Content starts
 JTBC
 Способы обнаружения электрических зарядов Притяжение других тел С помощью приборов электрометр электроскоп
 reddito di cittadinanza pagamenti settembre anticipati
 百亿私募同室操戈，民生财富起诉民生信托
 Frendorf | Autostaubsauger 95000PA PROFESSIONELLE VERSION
Content ends
Content starts
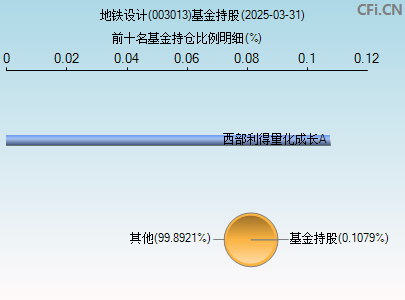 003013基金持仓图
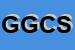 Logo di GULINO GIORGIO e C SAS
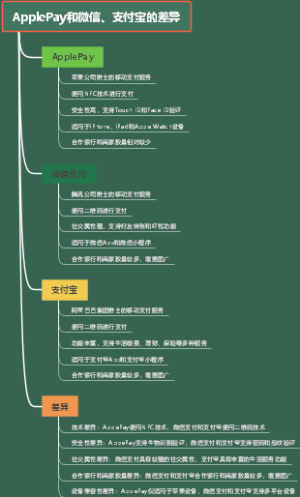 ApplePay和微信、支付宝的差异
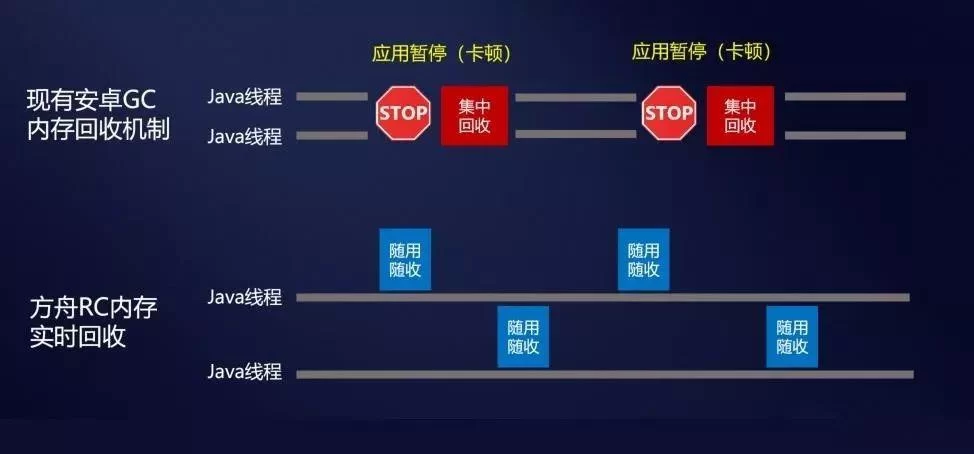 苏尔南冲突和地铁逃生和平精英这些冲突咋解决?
Content ends
▸ Exercise brief:
Using the data above, which lines fall from the one with "003013基金持仓图" through the one with "苏尔南冲突和地铁逃生和平精英这些冲突咋解决?"? Repeat them exactly, ends included, minus any pictures.

▸ Solution to this problem:
 003013基金持仓图
 Logo di GULINO GIORGIO e C SAS
 ApplePay和微信、支付宝的差异
 苏尔南冲突和地铁逃生和平精英这些冲突咋解决?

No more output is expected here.